Provided data >>

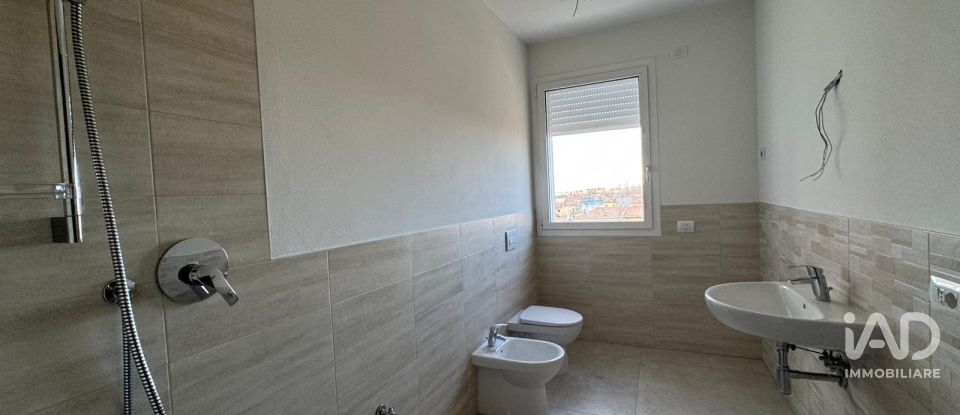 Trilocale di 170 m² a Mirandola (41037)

* * *

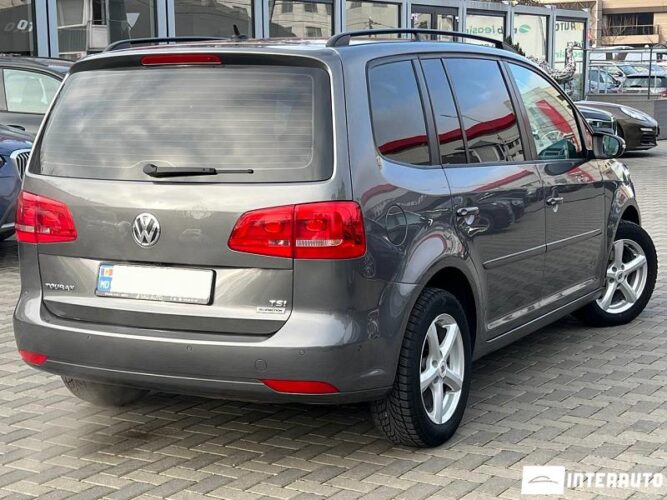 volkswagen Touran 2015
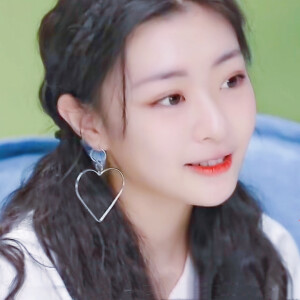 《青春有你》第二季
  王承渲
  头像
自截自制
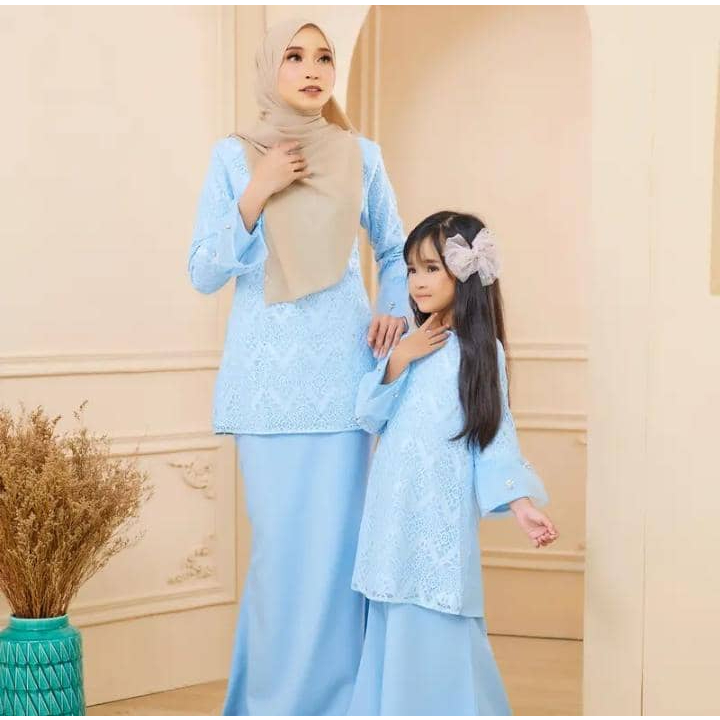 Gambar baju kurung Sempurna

Try it >> Quote word for word only the lines above from the one containing "volkswagen Touran 2015" through the one containing "Gambar baju kurung Sempurna". Pictures stay out of your copy.

Completed exercise >>
 volkswagen Touran 2015
 《青春有你》第二季
  王承渲
  头像
自截自制
 Gambar baju kurung Sempurna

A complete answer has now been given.